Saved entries

Content starts

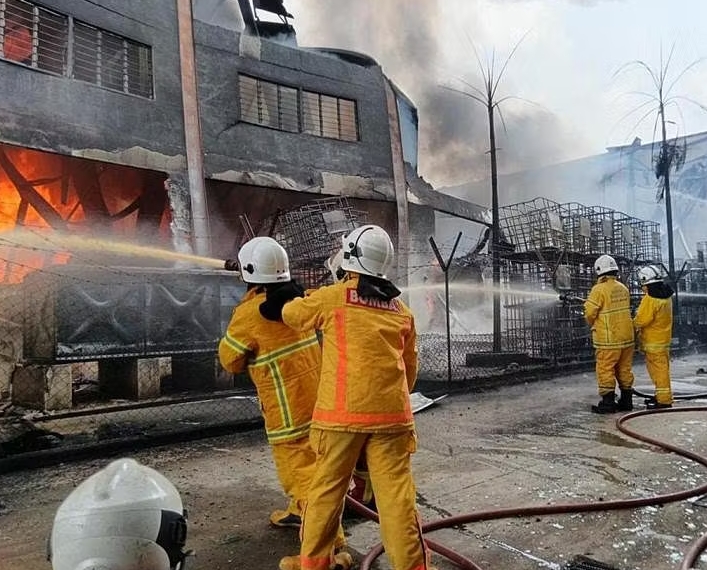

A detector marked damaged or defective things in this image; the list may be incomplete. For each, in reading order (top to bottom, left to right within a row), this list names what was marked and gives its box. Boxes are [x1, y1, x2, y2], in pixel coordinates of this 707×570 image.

damaged building facade [0, 0, 486, 410]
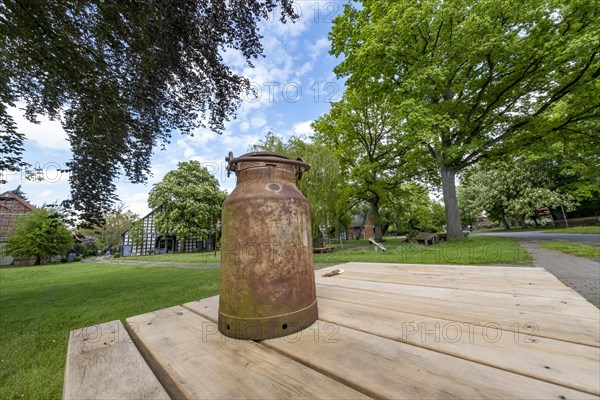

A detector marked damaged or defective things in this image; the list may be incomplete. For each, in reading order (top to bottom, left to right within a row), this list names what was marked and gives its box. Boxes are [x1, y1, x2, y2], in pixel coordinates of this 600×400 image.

rusty milk can [217, 152, 318, 340]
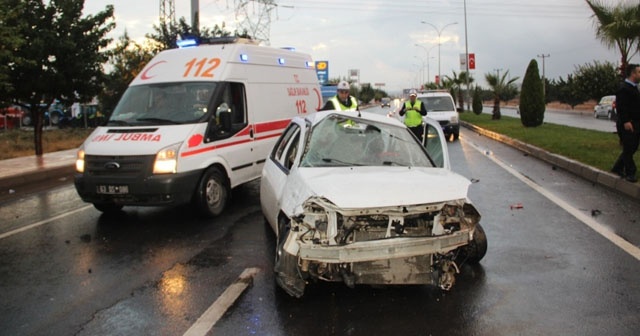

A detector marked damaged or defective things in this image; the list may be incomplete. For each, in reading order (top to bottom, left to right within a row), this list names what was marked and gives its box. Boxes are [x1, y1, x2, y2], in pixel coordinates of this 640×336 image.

wrecked white car [258, 110, 484, 296]
broken car hood [284, 167, 470, 211]
crumpled front end [274, 196, 480, 298]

Content ends

== Task goal ==
Reproduce all the entries that precede this task, word for word, minus any pictures.

== Finished task ==
A detector marked damaged or defective things in this image; the list may be incomplete. For each, in reading order (top to bottom, left to right within a row), this list names what was marked and gives its box. Boxes are [x1, y1, x2, y2], in pixel coordinates of this 707×570 image.

damaged building facade [0, 0, 486, 410]

A detector marked damaged or defective things in this image; the list may be incomplete. For each, in reading order (top to bottom, left to right within a row), this list names what was marked and gives its box. Boxes are [x1, y1, x2, y2], in pixel coordinates of this 600×400 image.

rusty milk can [217, 152, 318, 340]

A detector marked damaged or defective things in this image; the list may be incomplete. For each, in reading order (top to bottom, left to right within a row), this list names what was marked and gives its box. Boxes are [x1, y1, x2, y2], in pixel coordinates of this 640×336 image.

wrecked white car [258, 110, 484, 296]
broken car hood [284, 167, 470, 211]
crumpled front end [274, 196, 480, 298]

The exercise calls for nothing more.